Data extracted from a collection
• • • • • • •

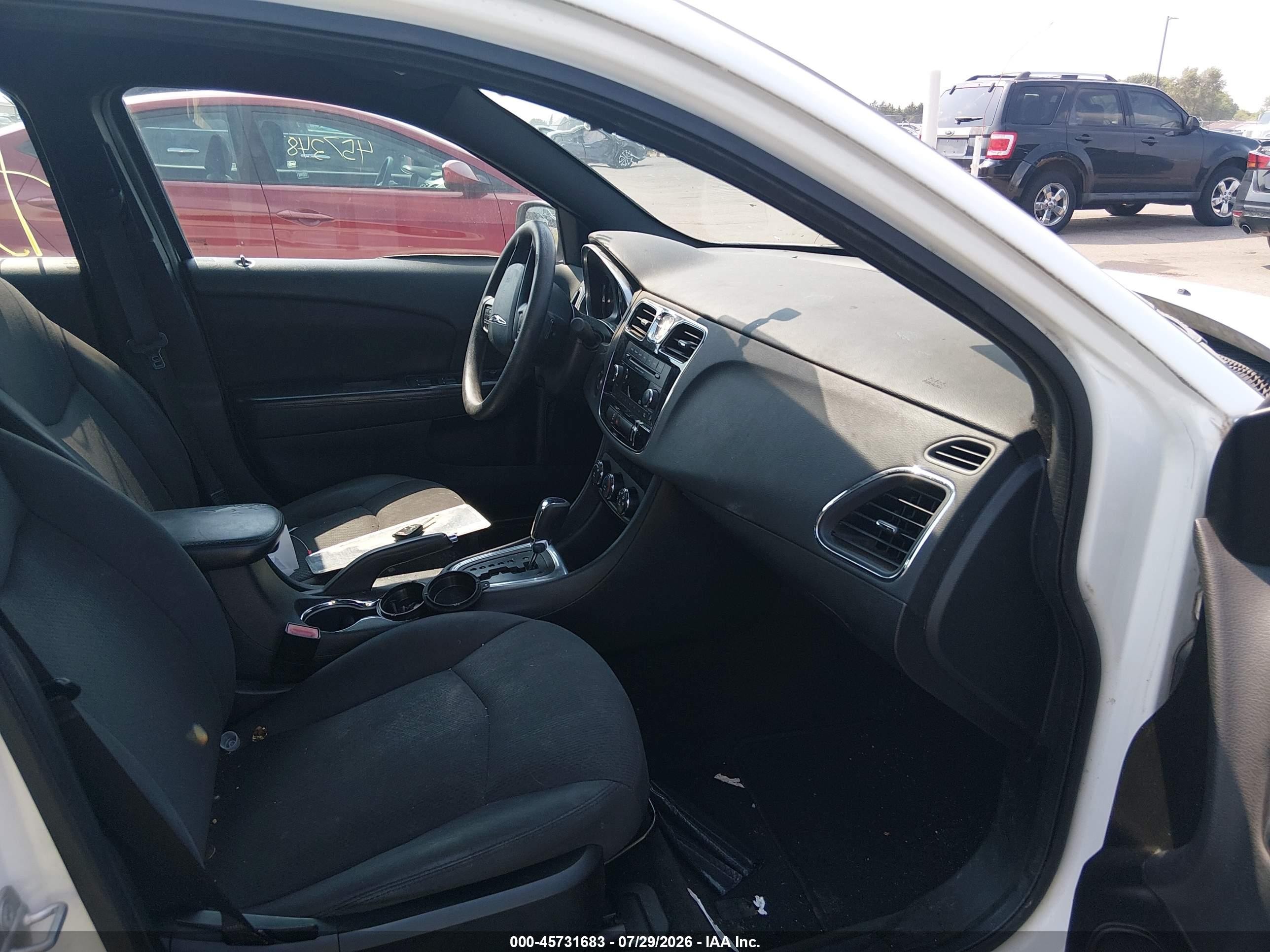 2013 Chrysler 200 Lx White vin: 1C3CCBAB5DN686887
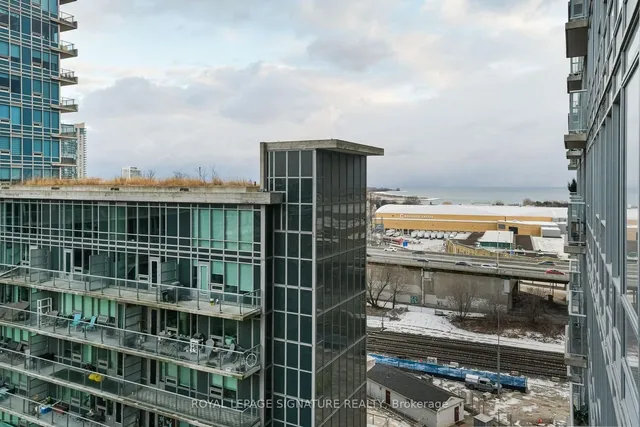 Additional image 27 of 59 East Liberty St Unit 1111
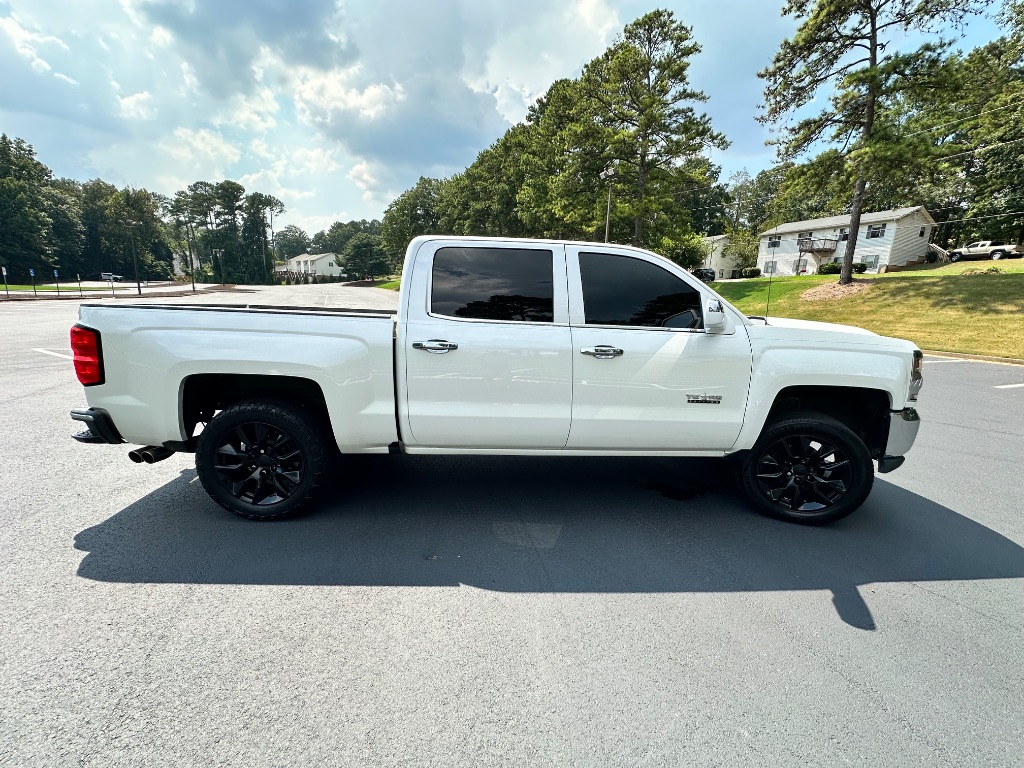 2018 Chevrolet Silverado - $16,900
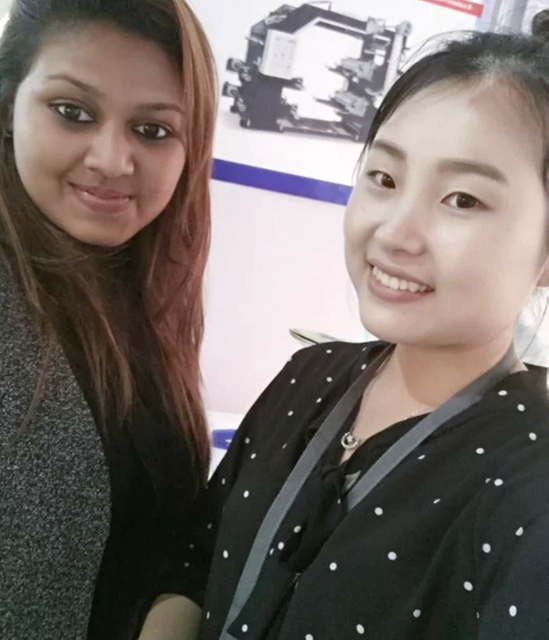 la exposición india de la empresa de máquinas de sellado de asas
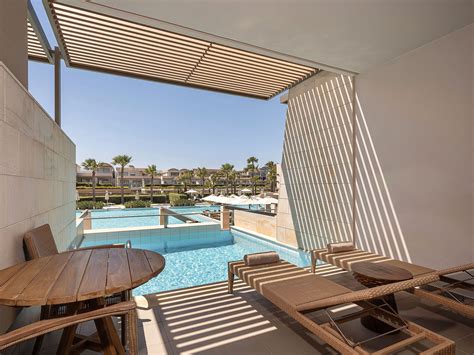 DELUXE ROOM PRIVATE POOL - Avra Imperial Hotel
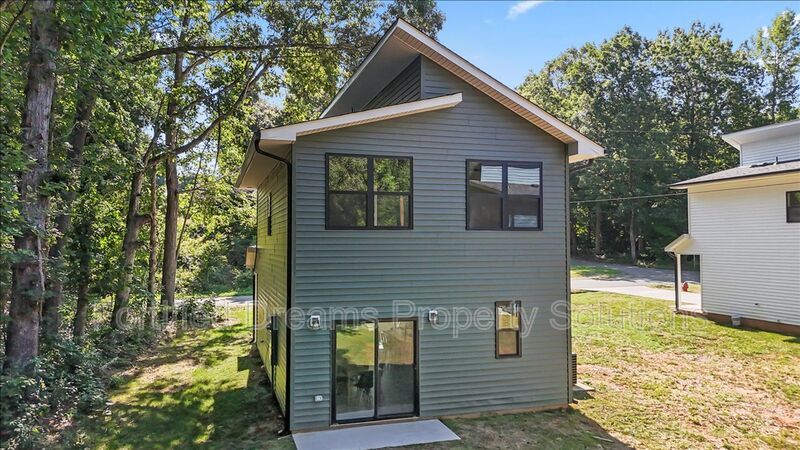 Are you ready to be WOW'ed in Downtown Liberty? THIS IS IT! property image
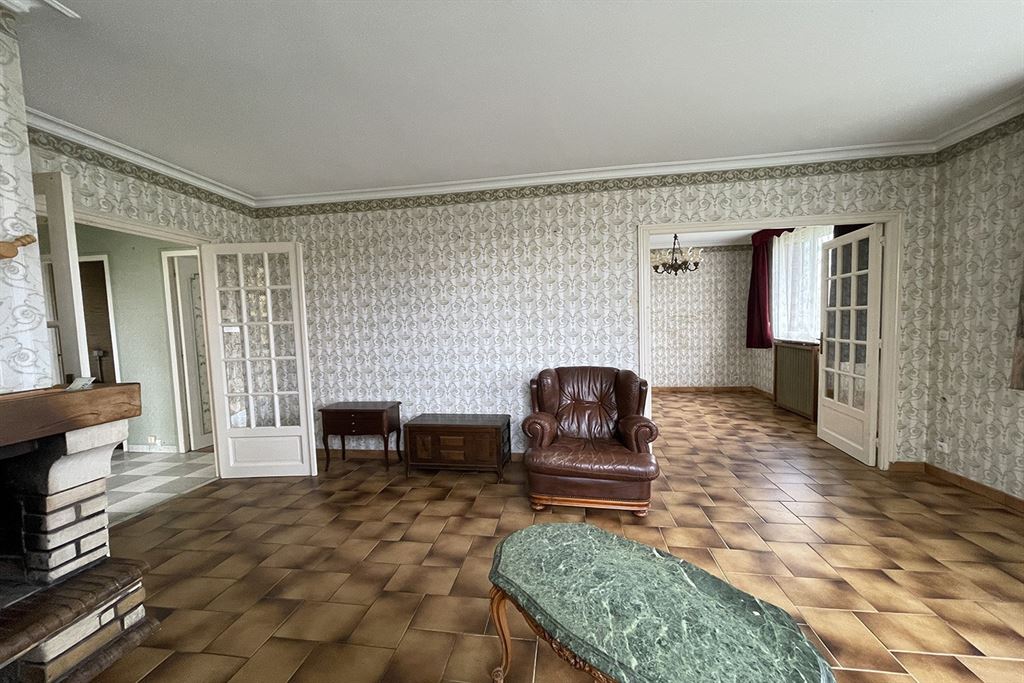 A vendre chez Beguet Associés : Chaville – Vélizy-Villacoublay (78140), Yvelines – Maison des années 1960, 93 m² / 151 m², jardin et sous-sol total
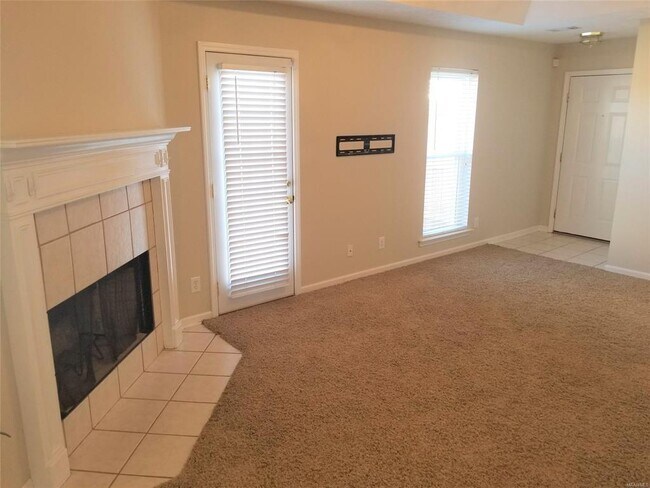 Building Photo - 1100 Stafford Dr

• • • • • • •

• Try it:
From the first line to the last, set down the data exactly, without the pictures.

• Result of this task:
 2013 Chrysler 200 Lx White vin: 1C3CCBAB5DN686887
 Additional image 27 of 59 East Liberty St Unit 1111
 2018 Chevrolet Silverado - $16,900
 la exposición india de la empresa de máquinas de sellado de asas
 DELUXE ROOM PRIVATE POOL - Avra Imperial Hotel
 Are you ready to be WOW'ed in Downtown Liberty? THIS IS IT! property image
 A vendre chez Beguet Associés : Chaville – Vélizy-Villacoublay (78140), Yvelines – Maison des années 1960, 93 m² / 151 m², jardin et sous-sol total
 Building Photo - 1100 Stafford Dr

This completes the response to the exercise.